Only lines, not pictures: please repeat exactly the lines from the one with "城市清晨云海风景航拍摄影图" through the end of the listing.

▶ DATA BELOW
== Segment start ==
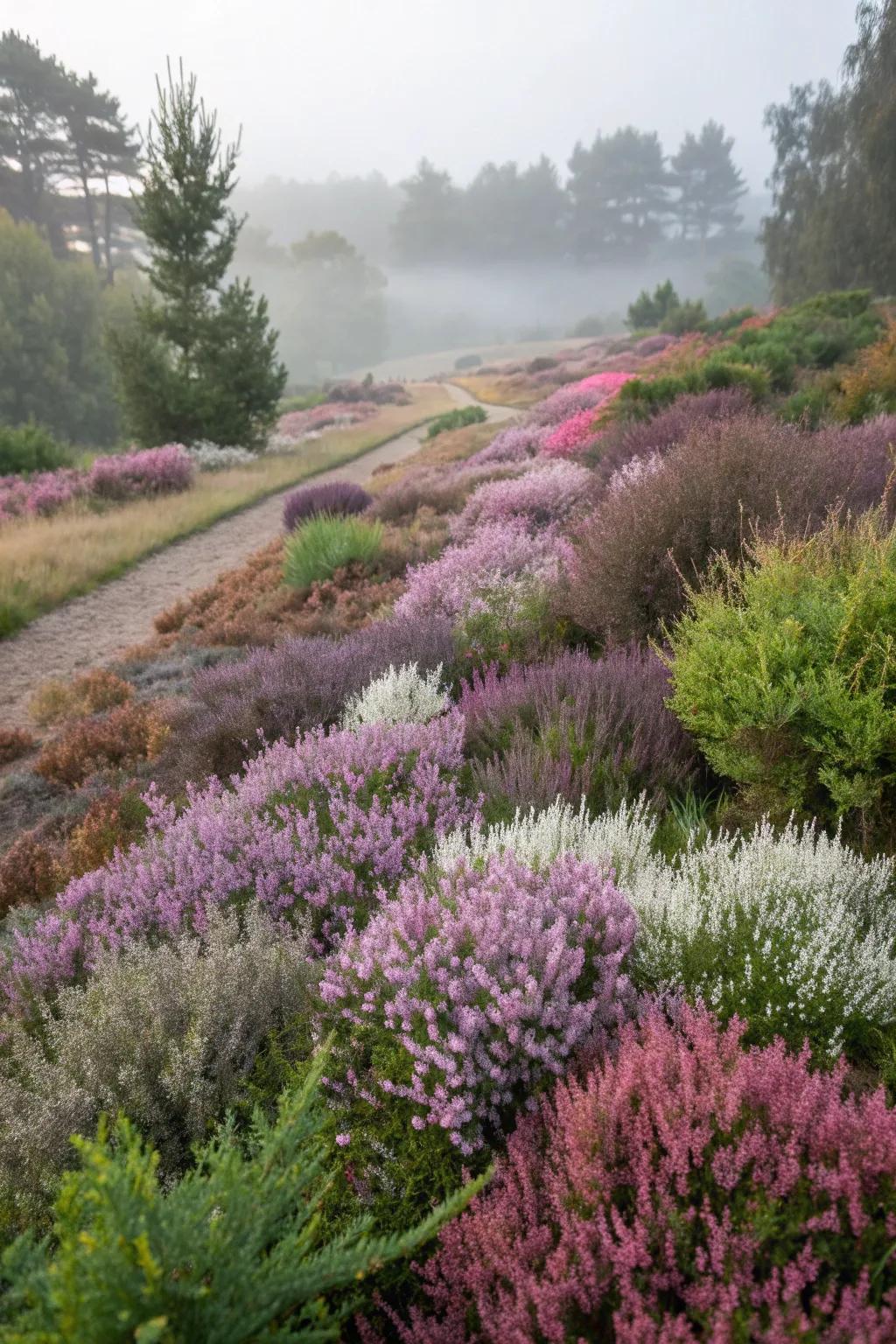 Heather plants used as colorful ground cover in a garden.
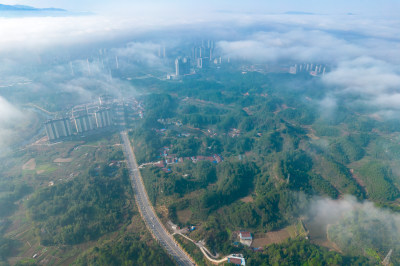 城市清晨云海风景航拍摄影图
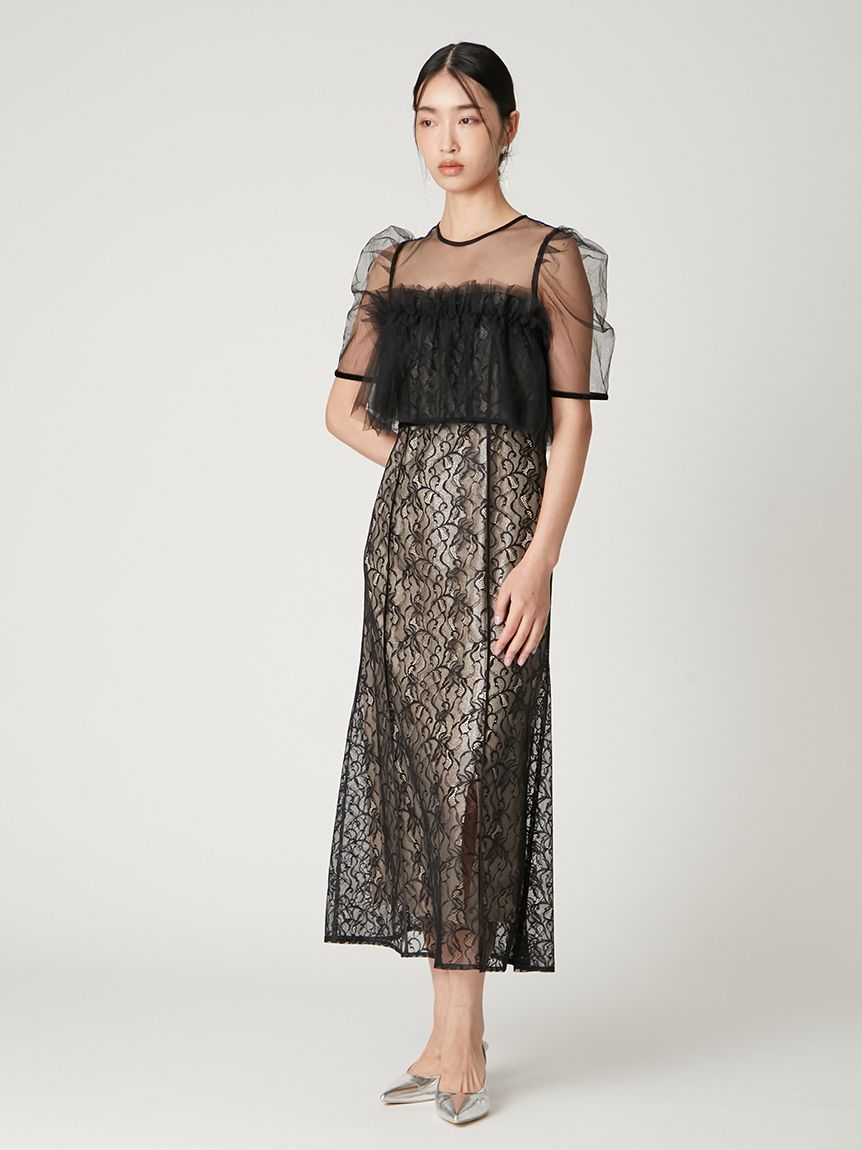 シルバーリーフレースレイヤードドレス(ドレス)｜ワンピース｜FRAY I.D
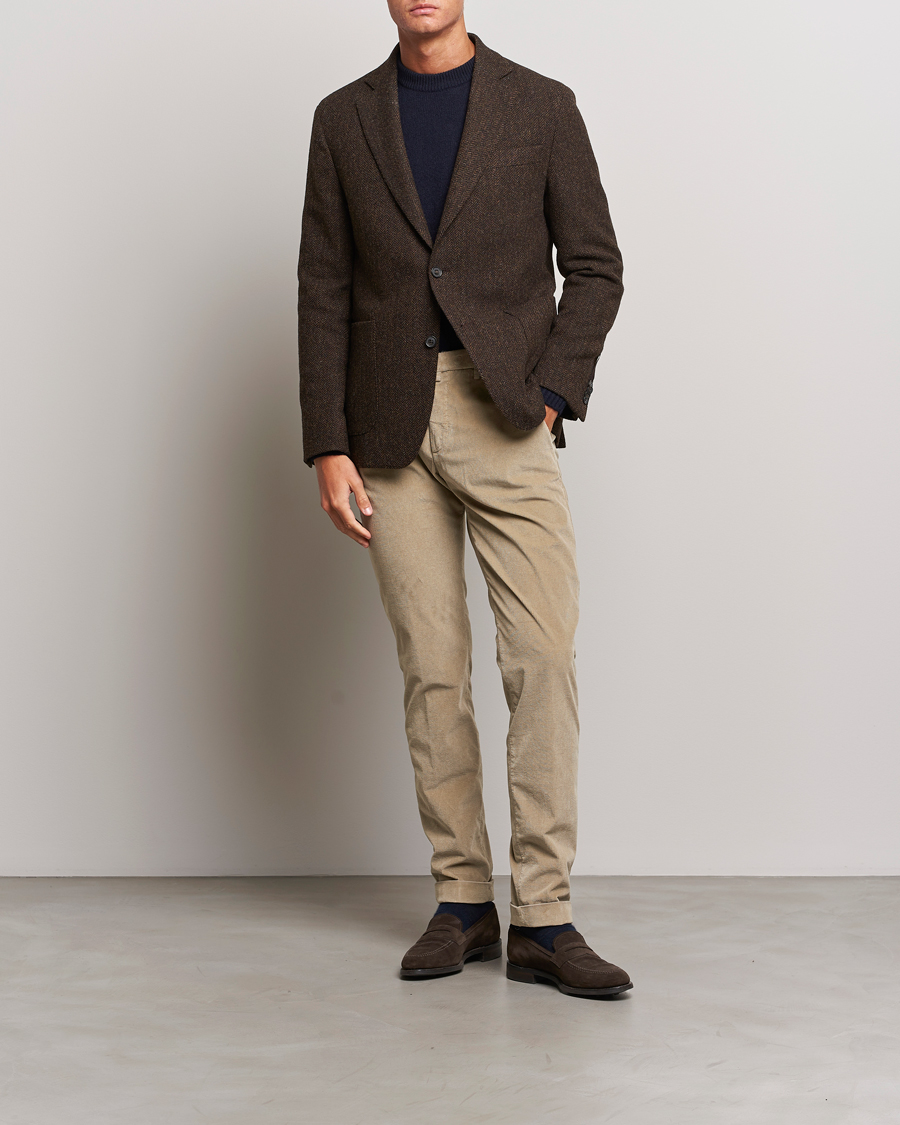 Uomini | Blazers | Oscar Jacobson | Fogerty Moon Herringbone Tweed Blazer Brown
== Segment end ==
▶ ANSWER BOX
 城市清晨云海风景航拍摄影图
 シルバーリーフレースレイヤードドレス(ドレス)｜ワンピース｜FRAY I.D
 Uomini | Blazers | Oscar Jacobson | Fogerty Moon Herringbone Tweed Blazer Brown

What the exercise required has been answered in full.